No tax-loss harvesting feature
Vanguard doesn’t offer automatic tax-loss harvesting services for its account, when it’s something of a standard in the industry. That’s not to say Vanguard does nothing to minimize taxes. In fact, it optimizes your taxes and considers the tax impact of all portfolio decisions.
Vanguard factors your cost basis in any decisions to sell or rebalance your portfolio and sells off pieces that create the least negative impact on your taxes – similar to what Ellevest offers.

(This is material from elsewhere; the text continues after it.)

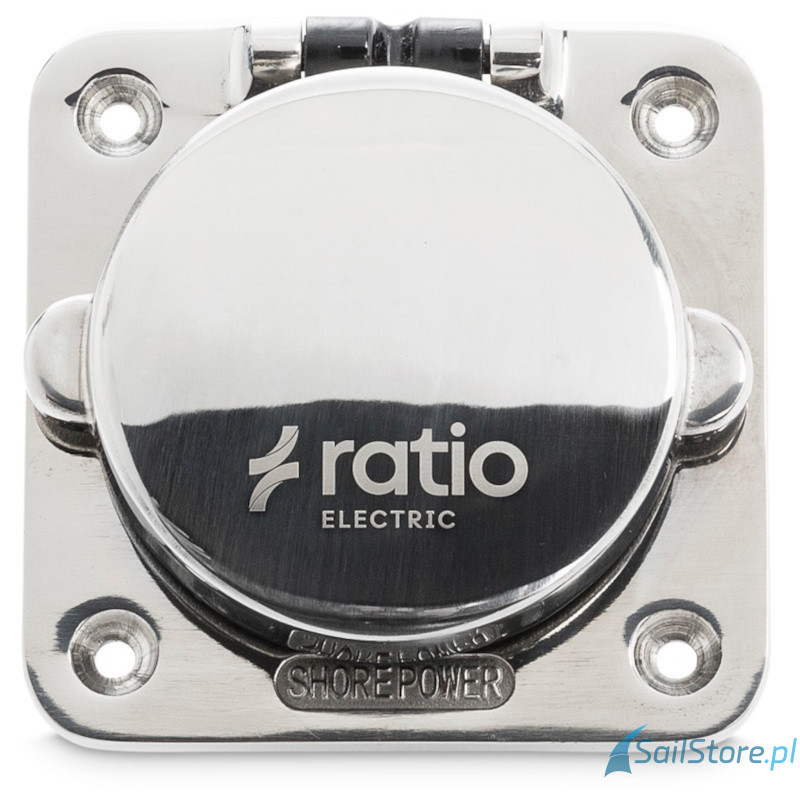 Ratio Zewnętrzne gniazdo zasilania MP16-230 z klapką, stal nierdzewna, kwadratowe, 16A/250V Schuko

And if you have both taxable and tax-advantaged accounts with Vanguard, the robo-advisor will try to optimize the placement of assets within those portfolios to minimize taxes. For example, more highly taxable assets could go into tax-advantaged accounts such as an IRA, while those with a lower potential tax impact would go into a taxable account.
No cash management account
A cash management account is a standard feature on a robo-advisor account these days, and the best of them – those by Betterment and Wealthfront – offer all the convenience of a checking and savings account and other added features, too. Unfortunately, Vanguard’s robo offering doesn’t provide a cash management account, though idle cash is swept into an interest-bearing fund containing U.S. government bonds. So your cash will be safe but will likely earn very little while it waits for investment.
You can’t purchase fractional shares
Vanguard doesn’t purchase shares in its funds in fractions, so you’ll end up with only whole shares in your account. That won’t mean much as your account really grows, but as you get started, it could mean that your portfolio is not as diversified as your target allocation says it should be. In addition, it means less of your money is being put to work where it should be.
Limited account types
For now, Vanguard has a limited selection of account types that are available on its Digital Advisor account: individual and joint taxable accounts, as well as IRAs (Roth, traditional and rollover). That’s less than typical robo-advisors offer, though Vanguard may expand this selection.
However, Vanguard offers something that other robo-advisors really don’t touch: You may be able to have your employer-sponsored 401(k) managed if it’s held at Vanguard. Not all 401(k) accounts will be eligible, and your company must have authorized the program. A 401(k) account may also be invested in a wider variety of ETFs not offered in the standard account.